The anthology explores questions of ethics in narratives of displacement or belonging, nationalist narratives of exclusion and borderline narratives, constructed on the foundation provided by encounters with the cultural, sexual, gendered and ethnic other. The contributors’ aim is to explore questions of responsibility and ethics in the study of diaspora, migration, and alterity from a wide range of perspectives. Following a Levinasian one, if the other is always ultimately transcendental and ungraspable through language, we are required to consider ethics every time we write, read or interpret an encounter with the other.
Kaisa Ilmonen currently works as co-ordinator of the Centre of Excellence in University Education at the School of Art Studies at the University of Turku, Finland, and is working on her PhD dissertation on Caribbean female identity in Michelle Cliff's fiction at the Department of Comparative Literature at the same university. She has published widely on the topic and is the co-editor (with Lasse Kekki) of the first queer literature studies anthology in Finland, Pervot Pidot (2004).
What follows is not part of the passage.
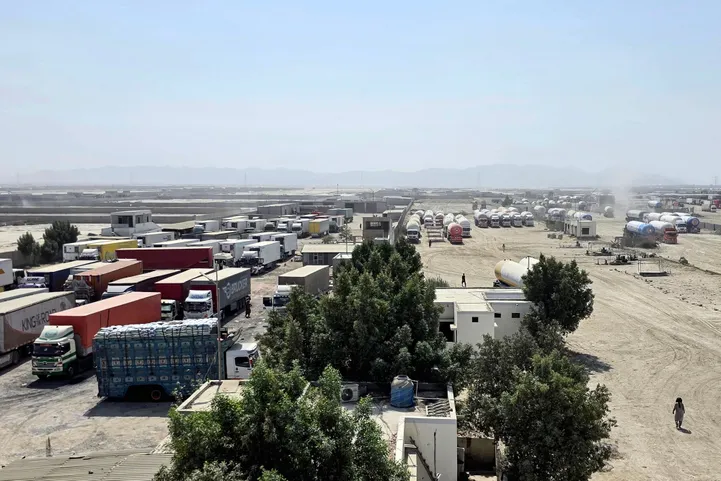 Iraani-Pakistani piiril seisavad endiselt tuhanded veokid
Janne Korkka is a Fesearch Fellow at the Department of English at the University of Turku in Finland. He is completing his doctoral thesis on the Canadian author Rudy Wiebe, focusing on representations of place and discourses of alterity. His published work is mainly on Wiebe and other Western Canadian authors.
Elina Valovirta is writing her doctoral thesis on feminist reader theory in Anglophone Caribbean women’s writing at the Department of English, University of Turku in Finland. Her research interests include postcolonial fiction, feminist theories of affectivity and ethics, sexuality and feminist pedagogy. She has published articles on Caribbean writing in refereed journals in Finland and internationally.